→ **Exercise directions**:
The complete data, repeated exactly, should form your response.

(Stored items)
□ □ □ □ □ □ □

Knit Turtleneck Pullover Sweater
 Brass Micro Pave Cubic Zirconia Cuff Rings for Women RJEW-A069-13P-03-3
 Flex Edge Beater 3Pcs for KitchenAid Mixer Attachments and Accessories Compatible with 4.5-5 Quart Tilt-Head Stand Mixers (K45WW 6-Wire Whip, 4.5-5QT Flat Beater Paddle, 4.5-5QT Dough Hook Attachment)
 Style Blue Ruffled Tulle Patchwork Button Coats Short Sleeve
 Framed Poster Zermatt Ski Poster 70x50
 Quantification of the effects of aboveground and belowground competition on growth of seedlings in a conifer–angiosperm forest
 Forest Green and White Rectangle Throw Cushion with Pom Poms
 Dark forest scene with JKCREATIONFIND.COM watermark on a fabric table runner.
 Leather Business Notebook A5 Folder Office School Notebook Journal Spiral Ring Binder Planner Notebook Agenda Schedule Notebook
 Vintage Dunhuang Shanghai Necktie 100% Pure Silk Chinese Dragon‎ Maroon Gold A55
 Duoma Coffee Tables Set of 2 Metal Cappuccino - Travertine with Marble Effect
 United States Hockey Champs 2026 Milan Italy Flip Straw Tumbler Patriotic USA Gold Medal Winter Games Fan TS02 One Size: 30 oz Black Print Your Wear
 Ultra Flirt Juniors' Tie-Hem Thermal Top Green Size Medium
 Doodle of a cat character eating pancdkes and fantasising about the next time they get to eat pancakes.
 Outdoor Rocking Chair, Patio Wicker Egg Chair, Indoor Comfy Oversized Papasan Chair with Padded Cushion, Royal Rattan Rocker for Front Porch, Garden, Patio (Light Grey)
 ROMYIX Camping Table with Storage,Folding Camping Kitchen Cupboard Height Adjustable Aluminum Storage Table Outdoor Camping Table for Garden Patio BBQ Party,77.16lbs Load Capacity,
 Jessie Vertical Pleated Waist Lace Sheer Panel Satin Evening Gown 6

□ □ □ □ □ □ □

→ **Solution for this problem**:
Knit Turtleneck Pullover Sweater
 Brass Micro Pave Cubic Zirconia Cuff Rings for Women RJEW-A069-13P-03-3
 Flex Edge Beater 3Pcs for KitchenAid Mixer Attachments and Accessories Compatible with 4.5-5 Quart Tilt-Head Stand Mixers (K45WW 6-Wire Whip, 4.5-5QT Flat Beater Paddle, 4.5-5QT Dough Hook Attachment)
 Style Blue Ruffled Tulle Patchwork Button Coats Short Sleeve
 Framed Poster Zermatt Ski Poster 70x50
 Quantification of the effects of aboveground and belowground competition on growth of seedlings in a conifer–angiosperm forest
 Forest Green and White Rectangle Throw Cushion with Pom Poms
 Dark forest scene with JKCREATIONFIND.COM watermark on a fabric table runner.
 Leather Business Notebook A5 Folder Office School Notebook Journal Spiral Ring Binder Planner Notebook Agenda Schedule Notebook
 Vintage Dunhuang Shanghai Necktie 100% Pure Silk Chinese Dragon‎ Maroon Gold A55
 Duoma Coffee Tables Set of 2 Metal Cappuccino - Travertine with Marble Effect
 United States Hockey Champs 2026 Milan Italy Flip Straw Tumbler Patriotic USA Gold Medal Winter Games Fan TS02 One Size: 30 oz Black Print Your Wear
 Ultra Flirt Juniors' Tie-Hem Thermal Top Green Size Medium
 Doodle of a cat character eating pancdkes and fantasising about the next time they get to eat pancakes.
 Outdoor Rocking Chair, Patio Wicker Egg Chair, Indoor Comfy Oversized Papasan Chair with Padded Cushion, Royal Rattan Rocker for Front Porch, Garden, Patio (Light Grey)
 ROMYIX Camping Table with Storage,Folding Camping Kitchen Cupboard Height Adjustable Aluminum Storage Table Outdoor Camping Table for Garden Patio BBQ Party,77.16lbs Load Capacity,
 Jessie Vertical Pleated Waist Lace Sheer Panel Satin Evening Gown 6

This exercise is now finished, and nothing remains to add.